Polemik Penertiban Juru Parkir Ilegal di Tanah Abang: Antara Ketegasan dan Kesejahteraan

markdown Pasar Tanah Abang, pusat perbelanjaan tekstil terbesar di Asia Tenggara, kembali menjadi sorotan. Kali ini, bukan tentang dinamika perdagangan atau tren fashion terbaru, melainkan tentang keberadaan juru parkir (jukir) liar yang meresahkan. Di tengah upaya revitalisasi dan penataan kawasan, penertiban jukir ilegal menjadi isu krusial yang membutuhkan penanganan bijaksana.

Pengamat kebijakan publik, Trubus Rahardiansyah, menyoroti dilema yang dihadapi Pemerintah Provinsi (Pemprov) DKI Jakarta dalam menertibkan jukir liar di Tanah Abang. Menurutnya, penertiban yang dilakukan secara represif justru dapat memicu konflik baru dan memperburuk kondisi sosial-ekonomi di kawasan tersebut. Trubus berpendapat, penertiban jukir liar seharusnya dilakukan dengan pendekatan yang lebih manusiawi dan adaptif terhadap kondisi ekonomi saat ini.

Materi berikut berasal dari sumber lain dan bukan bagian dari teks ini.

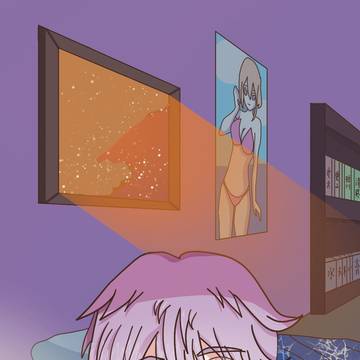 guy browsing 4chan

"Yang dipikirkan bukan masalah juru parkir dulu, yang dipikirkan itu bagaimana supaya Pasar Tanah Abang itu hidup, bermanfaat banyak masyarakat banyak lagi. Artinya, menjadi sumber nafkah orang," ujarnya.

Trubus menekankan bahwa penertiban yang terlalu keras dapat berdampak negatif pada kenyamanan pedagang atau penyewa toko di dalam pasar, yang memiliki peranan penting dalam menopang pemasukan daerah. Ia mengingatkan bahwa dalam situasi pasar yang sepi dan ekonomi yang sulit, penindakan tegas justru bisa memperburuk keadaan sosial atau mengganggu penghidupan orang-orang kecil.

Namun, Trubus juga menegaskan bahwa Pemprov DKI Jakarta tidak bisa bersikap permisif terhadap praktik parkir liar. Ia menyarankan agar penegakan hukum progresif diperlukan dalam penertiban jukir liar di tengah-tengah kondisi Pasar Tanah Abang yang tidak menentu. Ia menekankan, pendekatan yang digunakan perlu bersifat bertahap dan manusiawi, bukan pembiaran total.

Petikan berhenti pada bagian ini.